Mistral Medium 3.5
Perceived performance vs frontier models
- Many commenters see Mistral Medium 3.5 as “okay but not exceptional” compared to frontier models like GPT‑5.5, Claude Sonnet/Opus, and top Chinese models (DeepSeek, GLM, Qwen, Kimi).
- Some argue that for typical coding and chat tasks, differences vs frontier models are small; others say for complex agentic workflows, the gap is now “enormous” and materially impacts productivity.
- Several note that smaller Chinese and Google models (e.g., Qwen 3.6 27B, Gemma 4 26–31B) match or beat it despite being much smaller.
Benchmarks and evaluation concerns
- Launch blog leans on SWE‑Bench Verified, which some distrust due to alleged contamination and past disputes between labs.
- Multiple users say the model performs poorly on SVG/HTML/JS generation, especially compared to Gemma and Kimi; others downplay SVG quality as a meaningful metric.
- There’s skepticism about claims that it “beats Sonnet,” with people reporting open‑weights generally lag Sonnet in practical agent tasks despite benchmark wins.
Pricing and competitiveness
- The model is viewed as expensive: significantly more than Mistral Large and Chinese competitors, and more than Anthropic’s Haiku / some Sonnet‑tier options.
- Some praise earlier Mistral models (Large, Small 4) as Pareto‑competitive (80–90% of frontier quality at much lower cost); this release is seen as less clearly on that frontier.

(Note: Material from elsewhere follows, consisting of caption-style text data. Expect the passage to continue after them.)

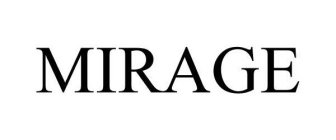 Image for trademark with serial number 78606834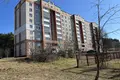 3 room apartment 92 m² Orsha, Belarus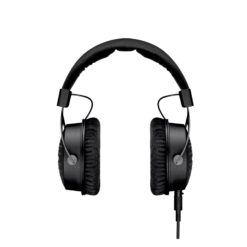 Beyerdynamic DT 1990 Pro MKII avatud tüüpi stuudioklapid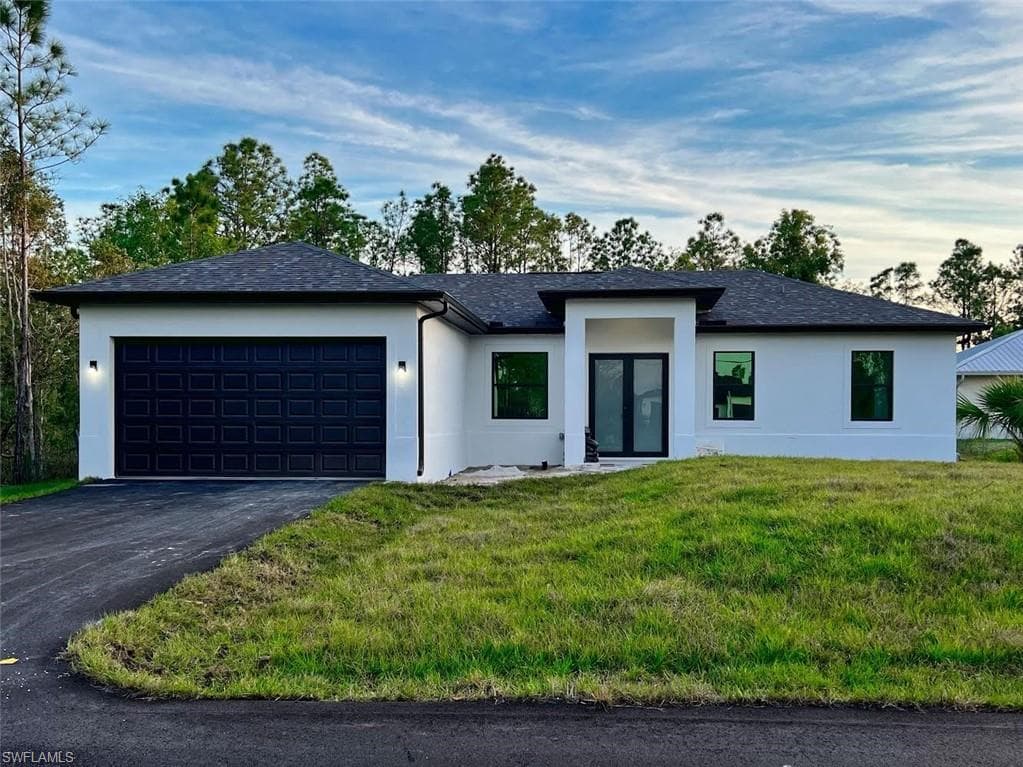 3240 50th AVE NE NAPLES, FL 34120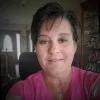 Teresa Welch
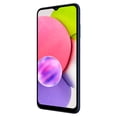 thumbnail image 3 of Smartphone Samsung Galaxy A03s 64 GB 4 GB Ram Azul Desbloqueado, 3 of 6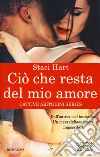 Hart Staci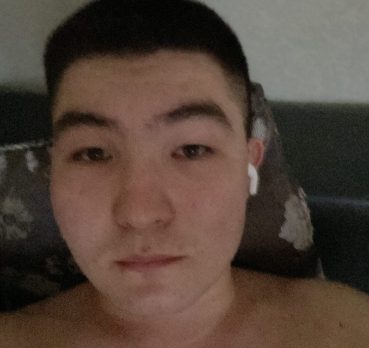 Ersultan, 19 лет, Семей,  Казахстан 🇰🇿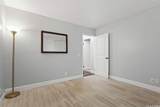 84-707 Kiana Place - Photo 16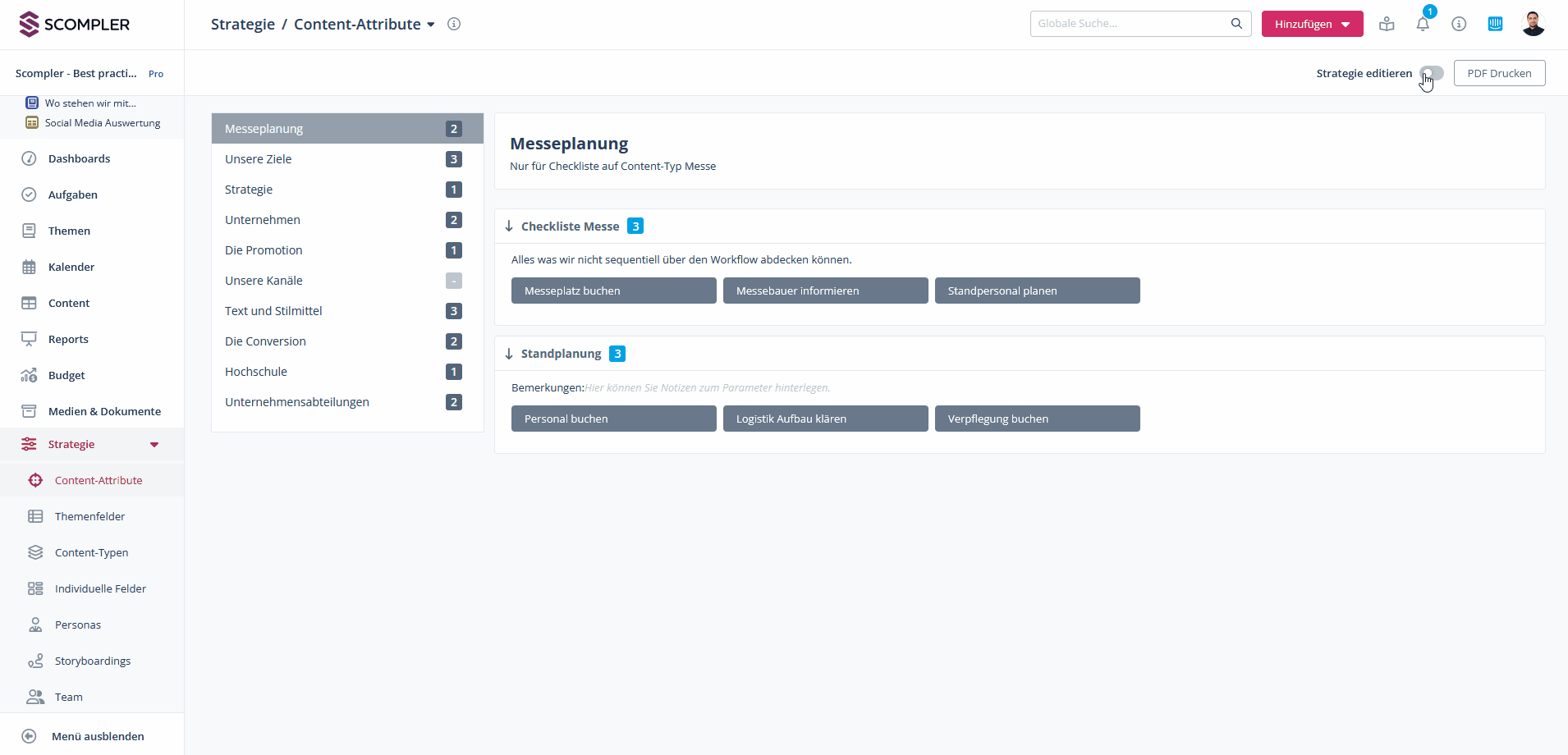 15_Adventskalender_Parameter selektiv nutzen_DE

Open‑weight, dense design and local deployment
- Medium 3.5 is a 128B dense, open‑weight, 256k‑context model (~140 GB full; ~70–80 GB at Q4 quant).
- Enthusiasts like that it can, in principle, run locally on high‑end Macs or multi‑GPU rigs and offers sovereignty vs US/Chinese clouds.
- Others point out the physics: dense 128B on consumer hardware yields very low tokens/sec; MoE alternatives (e.g., DeepSeek V4 Flash, Qwen 35B A3B) give higher effective capability per byte and far better speeds.
- Debate over why Mistral chose a large dense model given its own earlier MoE success; some see this as a strategic misstep.
Use cases, tools, and product experience
- Positive experiences with older Mistral models for text transformation, document analysis, and on‑prem enterprise deployments.
- Concerns that the new Medium’s higher price may foreshadow deprecation of cheaper Large.
- Mixed feedback on Mistral Vibe (coding agent) and CLI: some like the concept; others report bugs, instability, strict CSP preventing easy JS demos, and weak coding/tool behavior versus Claude Code, Codex, or OpenCode.
Geopolitics and ecosystem
- Strong interest in a credible non‑US, non‑Chinese option for regulatory, political, and “data sovereignty” reasons.
- Some worry Europe chronically underinvests and lags the US/China, while others argue efficient training and open‑weights can still make Mistral strategically important even if it is not strictly SOTA.